Mizuho Fukushima, head of the Social Democratic Party for nearly a decade, resigned Thursday to take responsibility for the party’s losses in Sunday’s Upper House election and the Lower House election in December.

The SDP, whose predecessor was once the largest opposition party from 1955 to the early 1990s, won only one seat in the proportional representation segment of the upper chamber, and merely two seats in the general election in December, giving it a total Diet strength of five members.

At an executive meeting at SDP headquarters in Tokyo, Fukushima said she intended to step down as party leader and encountered no objections.

At a news conference after the meeting, Fukushima said she thought about resigning in December, but couldn’t because the party was already preparing for the Upper House election.

“If (we) had won two or more seats in the Upper House election, I may have remained at my post.
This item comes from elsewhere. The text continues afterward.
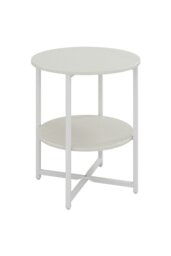 Rackhams White Small Round Coffee Table with 2 Tier - White - thumbnail 2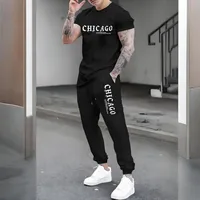 CHICAGO Print Men Tracksuit Set Jogger Clothing For Man Casual Suit Short Sleeve Tshirts+Trousers 2 Piece Outfits Streetwear 1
But given the defeats in both the Upper House and Lower House elections, I have decided to take responsibility for the results,” she said.

Fukushima said she will continue to support the party as a rank-and-file member. The presidency will meanwhile remain vacant until the party selects a new one, she said.

Fukushima’s exit underscores the recent decline of opposition left-wing forces. As the most powerful opposition party for decades, the SDP succeeded in ending the Liberal Democratic Party’s stranglehold on power for the first time in 1993 by allying with other opposition parties. That victory saw then-SDP President Tomiichi Murayama become prime minister in 1994 in an unlikely coalition that included the LDP.

The SDP opposes nuclear power and has championed measures to protect workers’ rights and the pacifist Constitution, and to reduce the U.S. military presence in Japan, particularly in Okinawa.

With the end of the Cold War, however, the ideological confrontation between left and right has waned, leaving left-wing forces groping for a cause.

Fukushima, 57, became president in November 2003, succeeding Takako Doi, one of the nation’s most prominent female lawmakers.

A University of Tokyo graduate, Fukushima was a lawyer before winning an Upper House seat in 1998 with the SDP.

She served as state minister in charge of consumer, population and gender issues in the Cabinet of then Prime Minister Yukio Hatoyama when the SDP was part of the coalition formed by the Democratic Party of Japan and now defunct Kokumin Shinto (People’s New Party.)